• Instructions to follow:
Begin with the line holding "Чисто нови Goretex Merrell обувки номер38" and end with the last line of the records below. Set down exactly those lines and leave out every picture.
------------------------------------
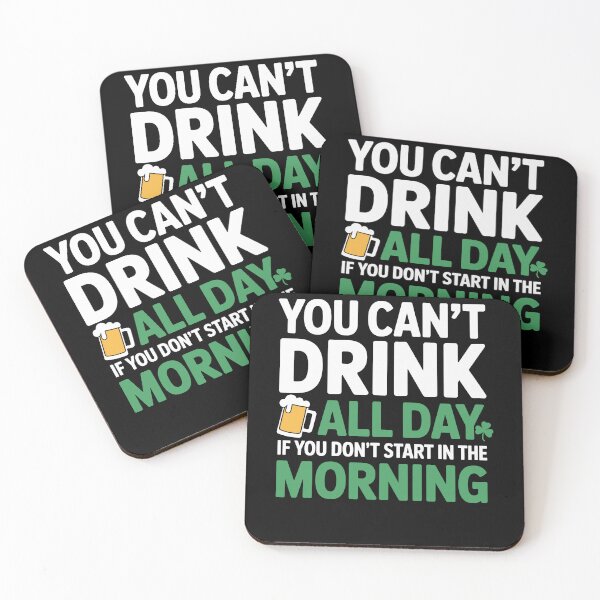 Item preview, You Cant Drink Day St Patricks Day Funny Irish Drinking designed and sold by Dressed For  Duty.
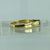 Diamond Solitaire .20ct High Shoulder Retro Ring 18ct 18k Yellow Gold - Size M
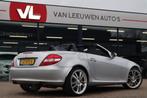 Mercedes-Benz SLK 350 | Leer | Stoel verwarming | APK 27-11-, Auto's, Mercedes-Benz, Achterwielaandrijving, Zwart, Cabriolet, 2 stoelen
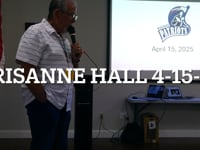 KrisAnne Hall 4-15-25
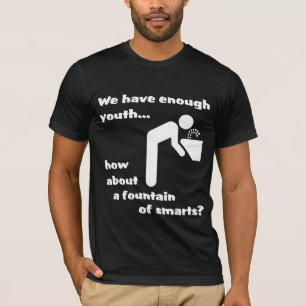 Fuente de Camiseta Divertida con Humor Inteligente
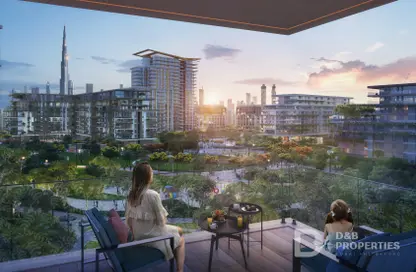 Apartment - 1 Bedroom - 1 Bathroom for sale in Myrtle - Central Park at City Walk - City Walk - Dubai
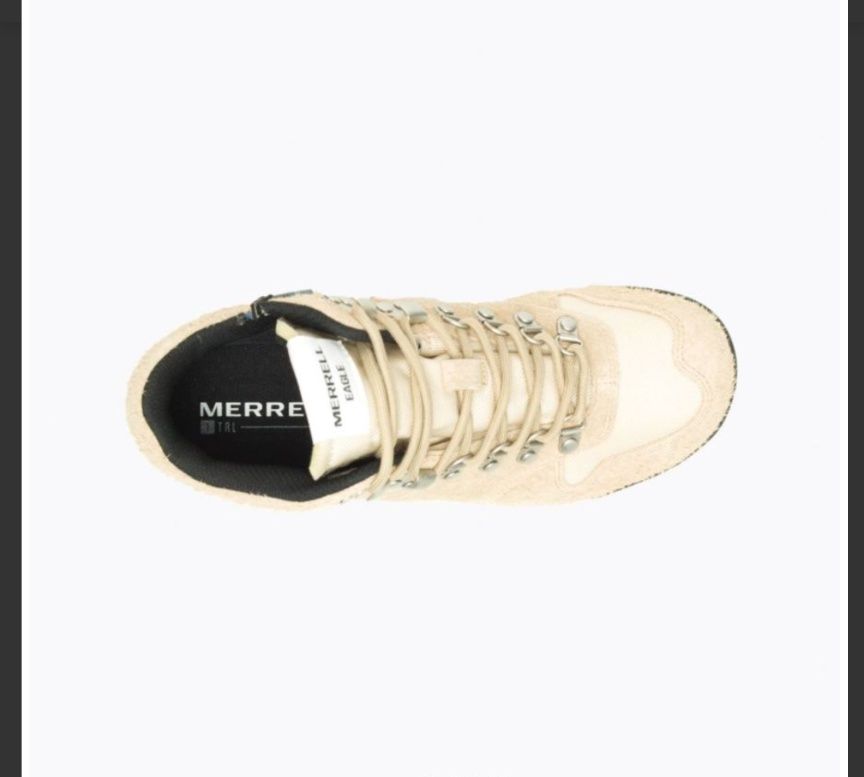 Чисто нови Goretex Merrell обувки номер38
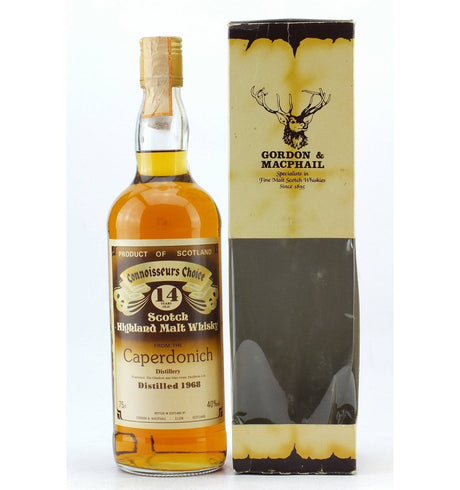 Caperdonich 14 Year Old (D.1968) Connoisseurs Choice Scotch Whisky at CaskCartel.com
------------------------------------
• Solved problem:
 Чисто нови Goretex Merrell обувки номер38
 Caperdonich 14 Year Old (D.1968) Connoisseurs Choice Scotch Whisky at CaskCartel.com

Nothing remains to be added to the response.